“What I call a place is where one remembers having been, which is not only made of space but also of time, it needs to be both, own its proper qualities, wether they are architecture, sounds or events.”
Anri Sala
(Notes on Air Cushioned Ride, 2006)

For this new exhibition at the Galerie Chantal Crousel, Anri Sala conceives and organizes a space where cycles and rotations are orchestrated on a tempo divided in three musical times of which one is silent. Each time lasts around 6 minutes. This particular timing reveals what becomes visible in between the cycles, enriched and affected by a previous experience. Anri Sala provokes and extends the qualities of improvisation defining its nuances and potential. He intensifies its specifics by recording them with a gained experience.  

The cycle begins with the projection of the video “Air Cushioned Ride” (2006), which documents an encounter that Anri Sala experienced while driving across Arizona, listening to baroque chamber music on his car radio. The transmission was perturbed as Sala pulled into a rest area, where a mass of parked trucks interfered with the signal. As he circled around the vehicles, an unknown station playing country music intermittently interrupted the baroque music. This kind of interference is called cross modulation or spurious emission.

Second in the cycle, “A Spurious Emission” (2007), elaborates on this happenstance event.  
Sala commissioned a composer to transpose it into a formal musical score, played alternatively by a baroque trio (cembalo, gamba, viola) and a country band (lead guitar, bass and drums). The film features the musicians and the ghostly silhouette of a drummer drawn over the image, as they perform the score. Although both soundtracks are similar, it is space that composes the sound of “Air Cushioned Ride” while in “A Spurious Emission” it is time that unfolds it. One has the reminiscence of space but with an additional time structure that conducts it.  

The printed version of the score includes drawings of the trucks at the moment when they interfere with the music.

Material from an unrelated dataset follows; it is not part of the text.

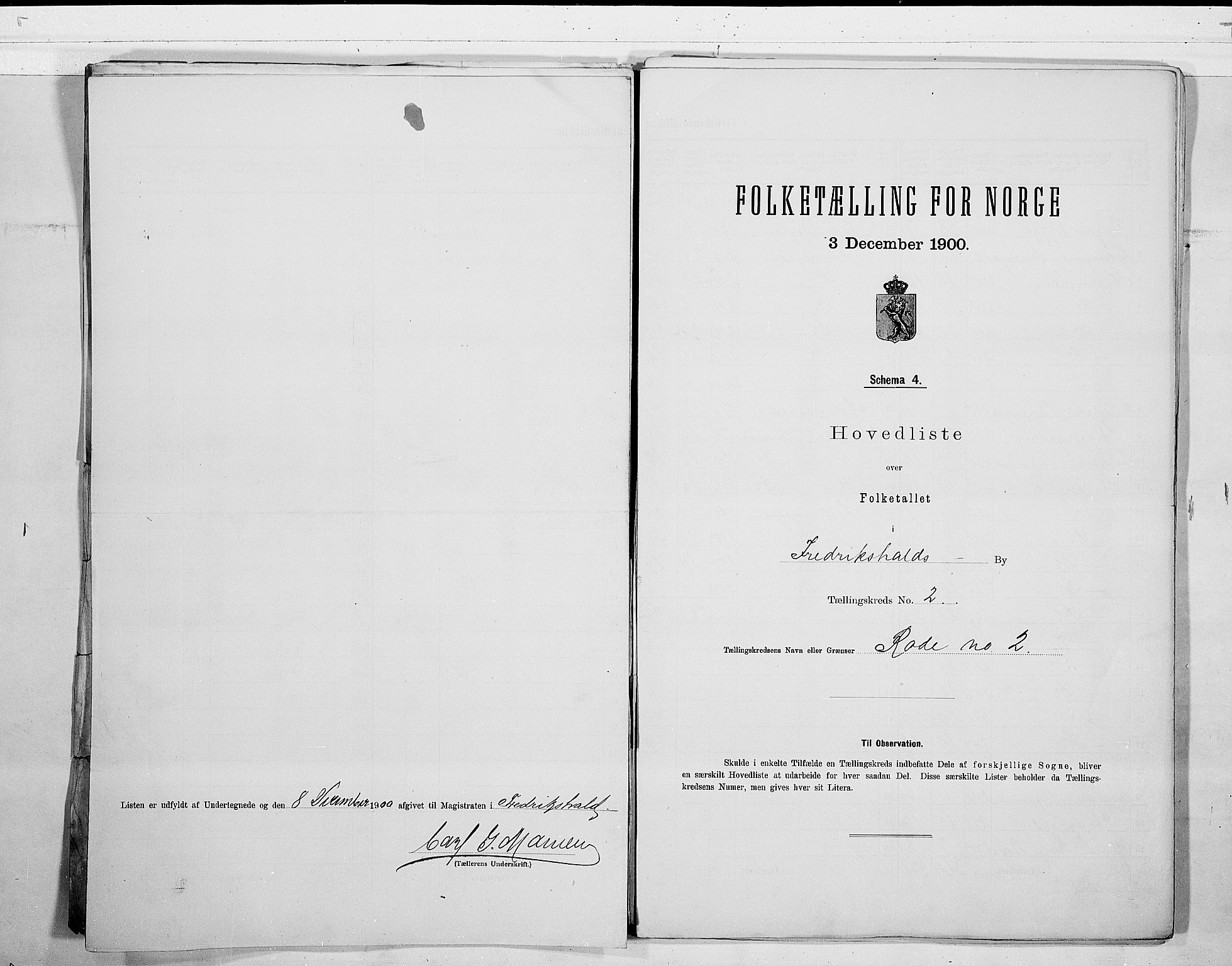 SAO, Folketelling 1900 for 0101 Fredrikshald kjøpstad, 1900, s. 9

“After Three Minutes” (2007) is a double video projection, which includes and re-presents “Three Minutes” (2004), a silent video where a cymbal, filmed under strobe lighting, becomes a dazzling visual rather than a sonic object. Conscious that, in this first version, standard video technology couldn’t capture the strobe’s 90 light emissions per second Sala re-filmed it projected at the Irish Museum of Modern Art, Dublin, using a security camera that spliced its thrashed rhythm into only two stills per second. Now the cymbal stutters from dramatic flare to near darkness with a wholly different pulse to the earlier piece. “After Three Minutes” projects both videos alongside and in synchronicity with each other.

During this third time, in the opposite room, simultaneously with “After Three Minutes”, the lights go on and another work is exposed. « Title Suspended » (2008) is a sculpture evolving in time. In vis à vis two gloved hands are slowly rotating, completing a full cycle every two minutes. Each rotation is made of an ascending and descending phase, gaining and loosing shape, as a sense of perfection falters at the same time as the fingers collapse.  

The exhibition cycle repeats itself.

Aside, in a LP presented in the space where the score is, the visitor can listen to the improvisation of saxophonist Jemeel Moondoc responding to his own performance in the film Long Sorrow, during its projection in the gallery in 2006. All along this exhibition the public is invited to absorb what has been added, created and halted at each reinterpretation.